-- Opening Marker --

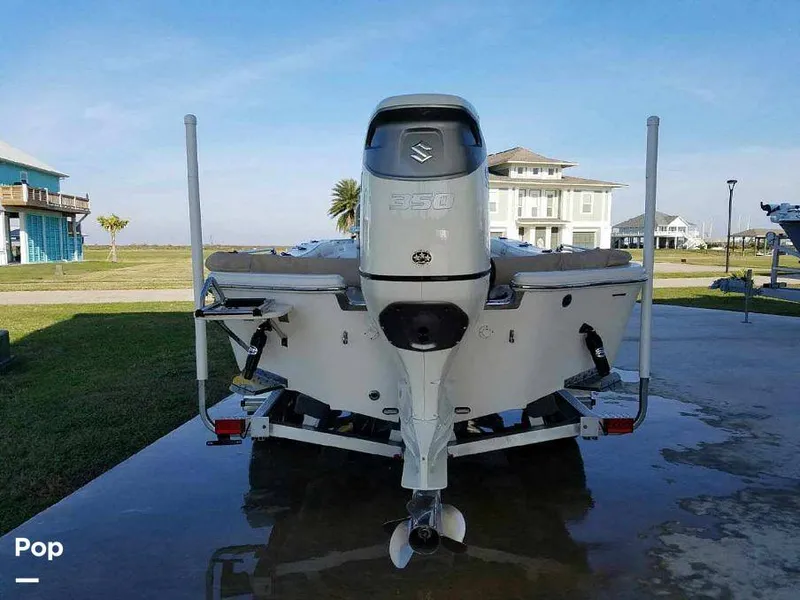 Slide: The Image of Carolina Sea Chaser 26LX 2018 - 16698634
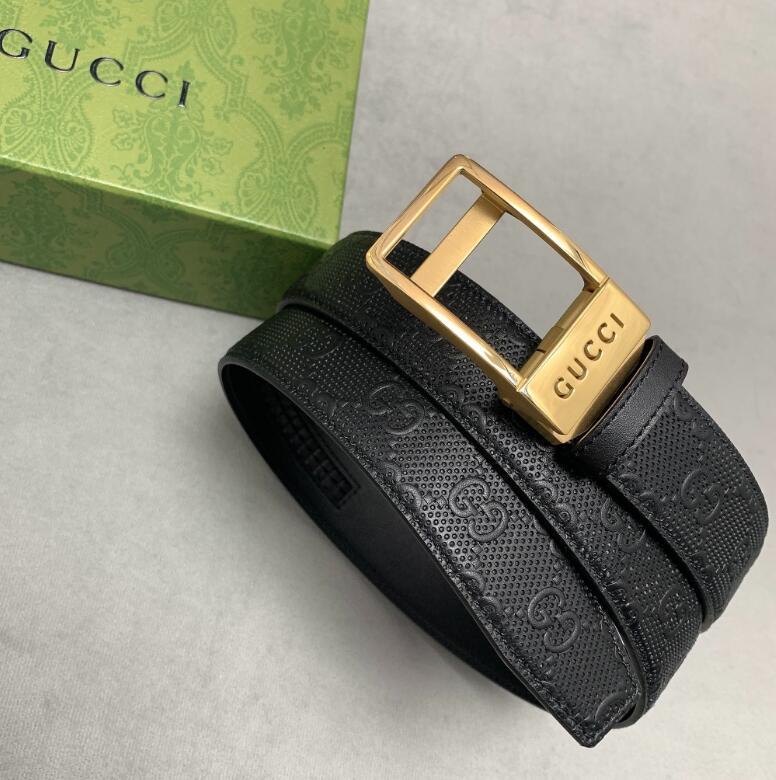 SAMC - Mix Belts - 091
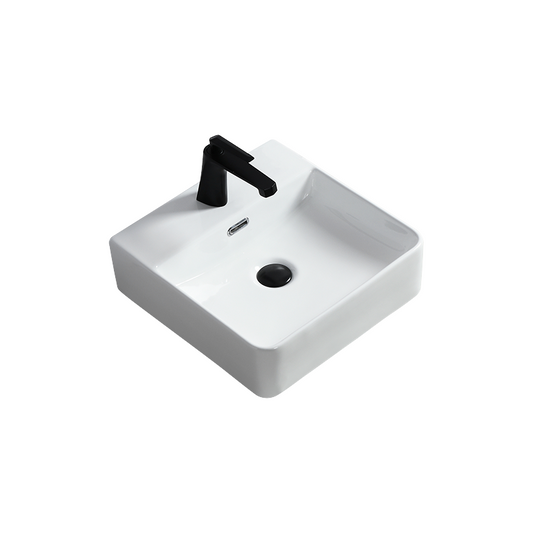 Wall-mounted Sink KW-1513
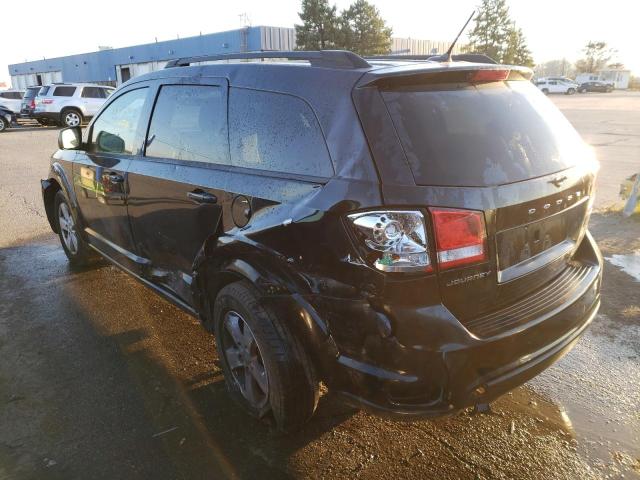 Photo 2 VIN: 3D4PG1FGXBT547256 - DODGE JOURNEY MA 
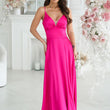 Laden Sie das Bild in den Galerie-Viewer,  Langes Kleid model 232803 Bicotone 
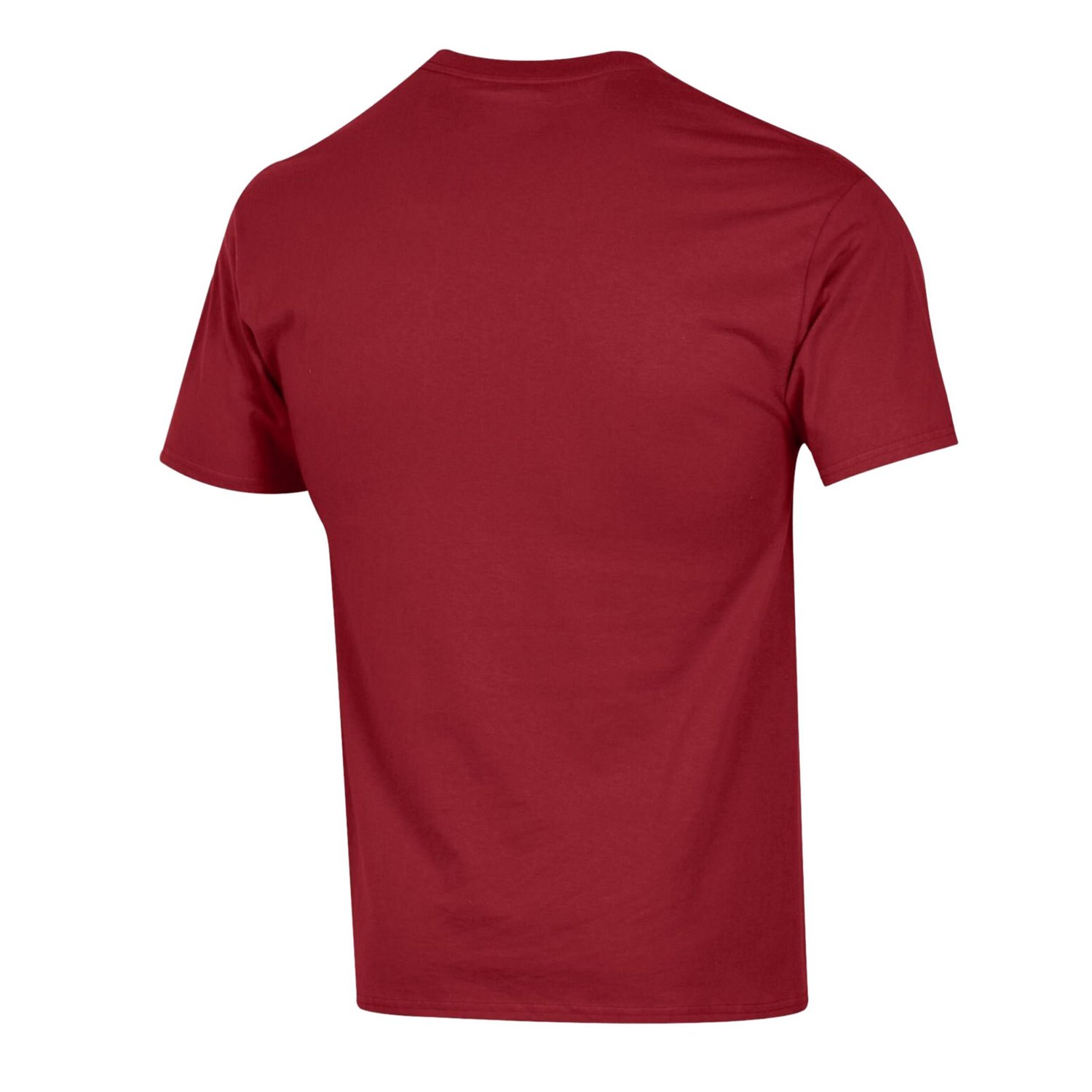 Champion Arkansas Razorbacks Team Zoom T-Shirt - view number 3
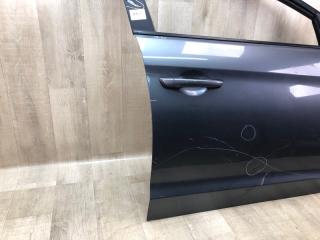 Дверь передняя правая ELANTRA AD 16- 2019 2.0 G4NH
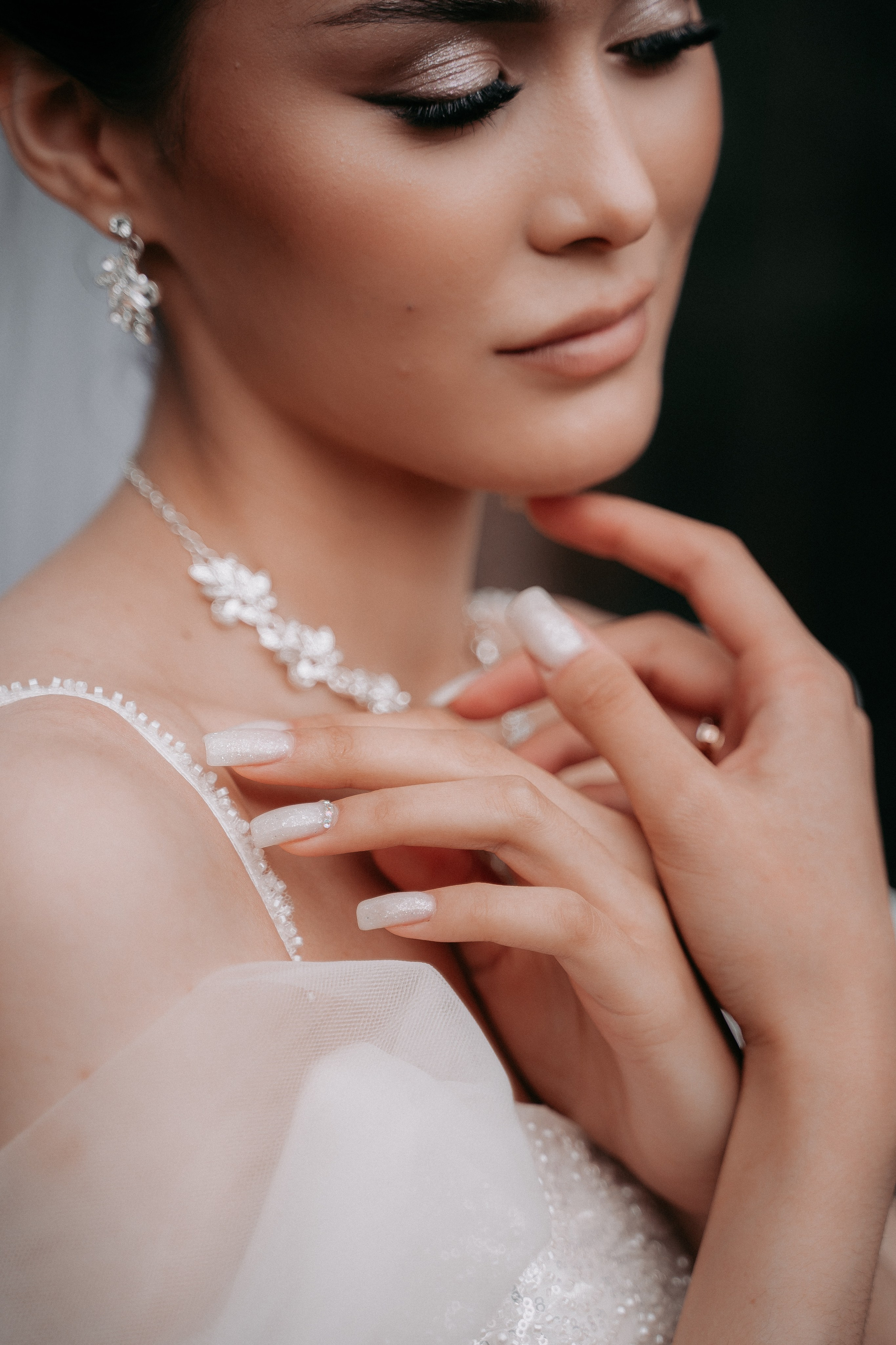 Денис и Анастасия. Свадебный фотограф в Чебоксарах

-- Closing Marker --

Nothing but the lines from the one that contains "Champion Arkansas Razorbacks" through the last line of the records belongs in the answer, reproduced exactly, with no pictures.

 Champion Arkansas Razorbacks Team Zoom T-Shirt - view number 3
 Дверь передняя правая ELANTRA AD 16- 2019 2.0 G4NH
 Денис и Анастасия. Свадебный фотограф в Чебоксарах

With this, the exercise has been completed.